*ACTION ITEM*.
Since only part of the material below is wanted, output exactly the lines from the one with "Power Module Microtroller" up to and including the one with "Login L-211 Gaming Earbuds - Image 3".

*DATASET ENTRIES*.
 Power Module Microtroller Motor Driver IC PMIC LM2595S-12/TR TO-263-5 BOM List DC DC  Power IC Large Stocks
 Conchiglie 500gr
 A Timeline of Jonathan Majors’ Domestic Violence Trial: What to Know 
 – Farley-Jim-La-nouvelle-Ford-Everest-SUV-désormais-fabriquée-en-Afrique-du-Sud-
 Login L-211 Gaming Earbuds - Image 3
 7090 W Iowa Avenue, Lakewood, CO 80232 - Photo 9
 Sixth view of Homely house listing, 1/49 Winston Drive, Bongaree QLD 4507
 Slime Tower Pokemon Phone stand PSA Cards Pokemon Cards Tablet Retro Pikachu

--

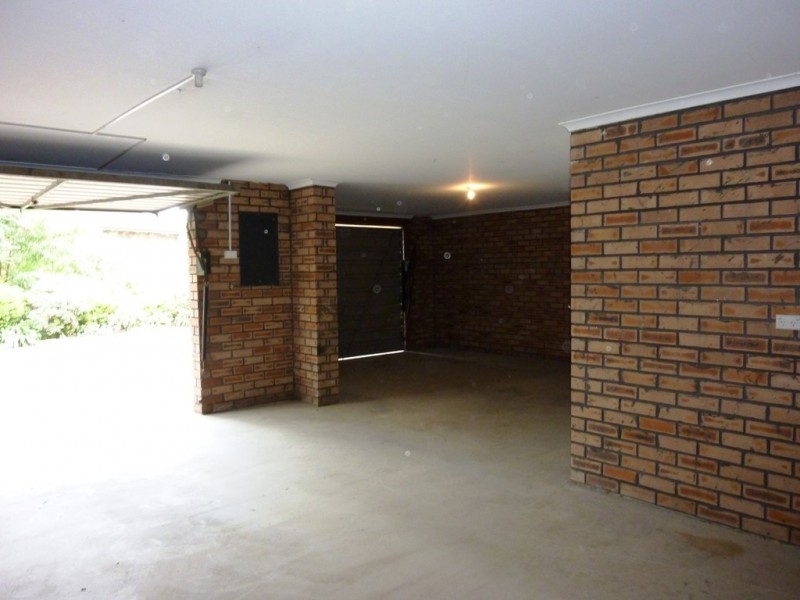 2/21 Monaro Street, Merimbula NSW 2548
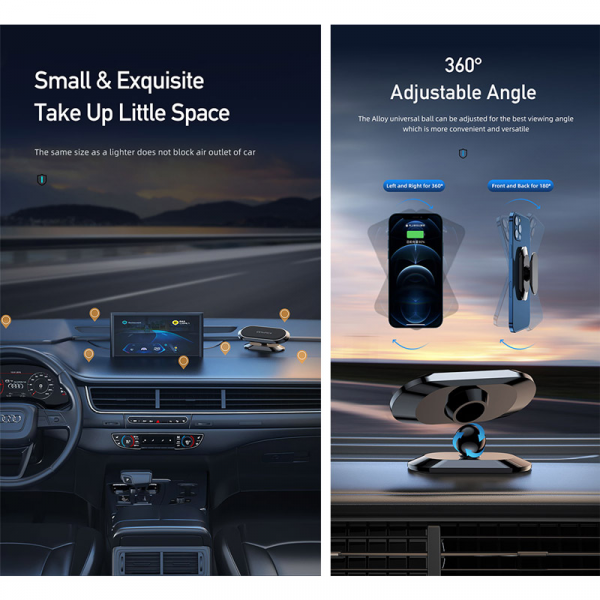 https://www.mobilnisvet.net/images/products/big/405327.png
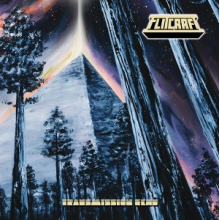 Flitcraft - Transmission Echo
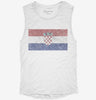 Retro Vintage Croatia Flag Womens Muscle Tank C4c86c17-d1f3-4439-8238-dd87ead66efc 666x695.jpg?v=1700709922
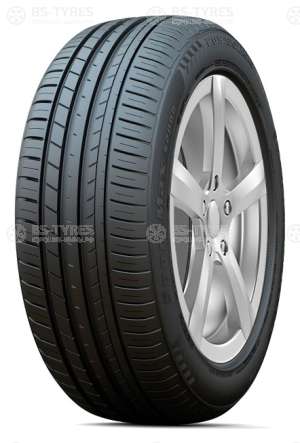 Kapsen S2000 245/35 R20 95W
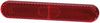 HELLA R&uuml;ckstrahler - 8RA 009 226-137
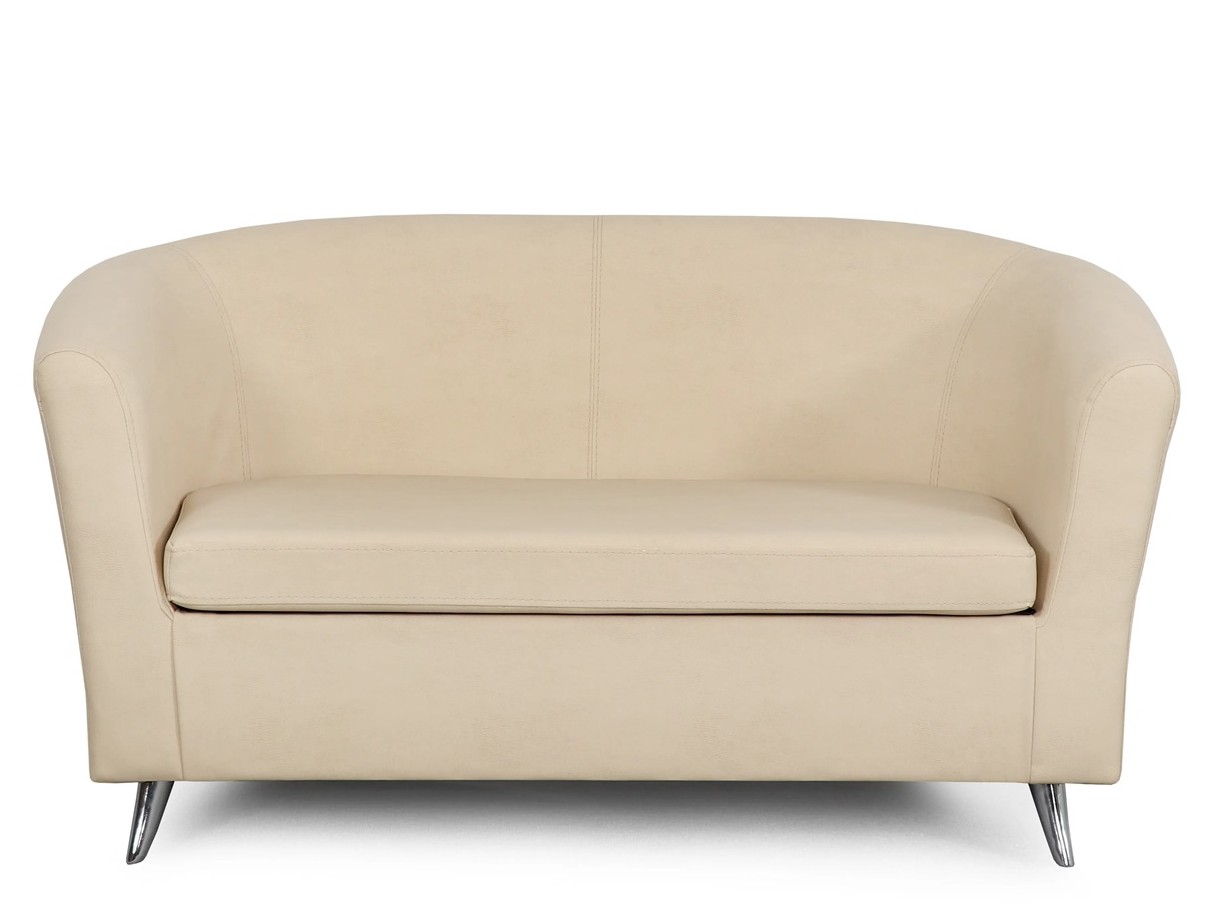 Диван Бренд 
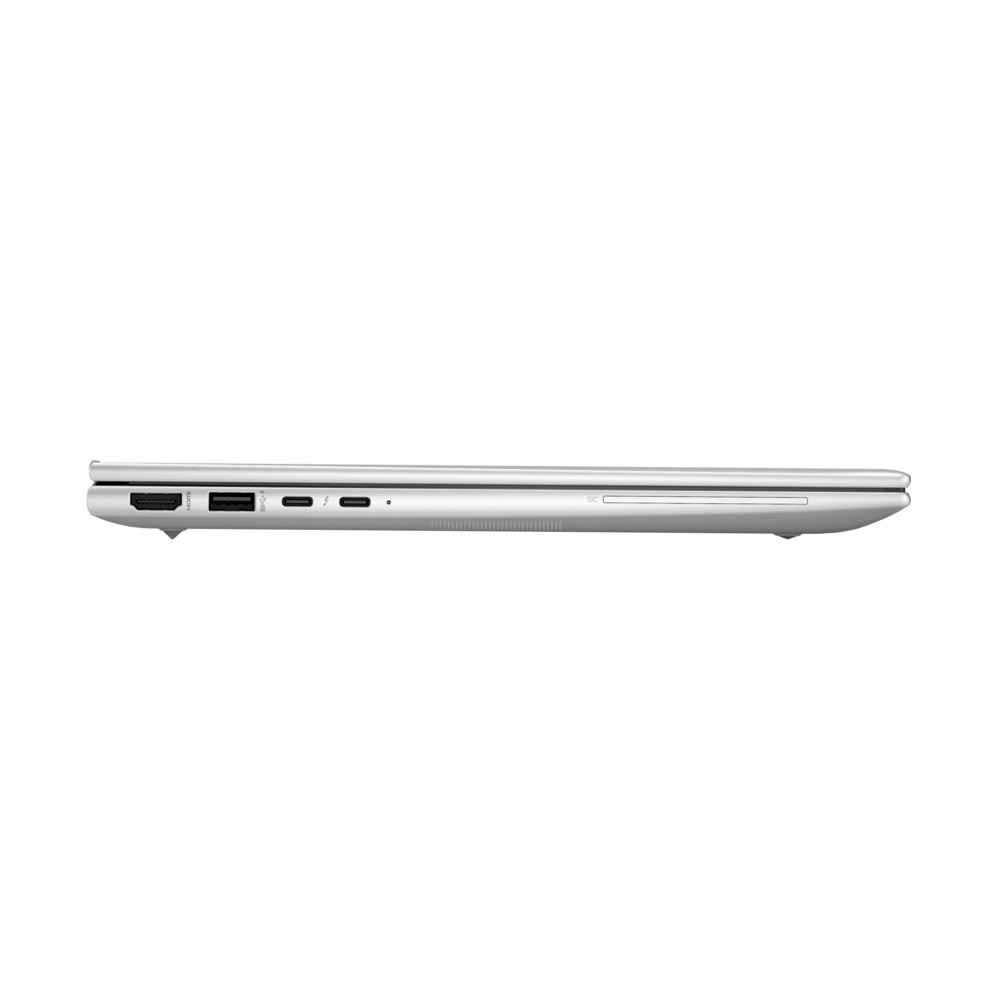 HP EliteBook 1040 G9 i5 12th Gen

*TASK ANSWER*.
 Power Module Microtroller Motor Driver IC PMIC LM2595S-12/TR TO-263-5 BOM List DC DC  Power IC Large Stocks
 Conchiglie 500gr
 A Timeline of Jonathan Majors’ Domestic Violence Trial: What to Know 
 – Farley-Jim-La-nouvelle-Ford-Everest-SUV-désormais-fabriquée-en-Afrique-du-Sud-
 Login L-211 Gaming Earbuds - Image 3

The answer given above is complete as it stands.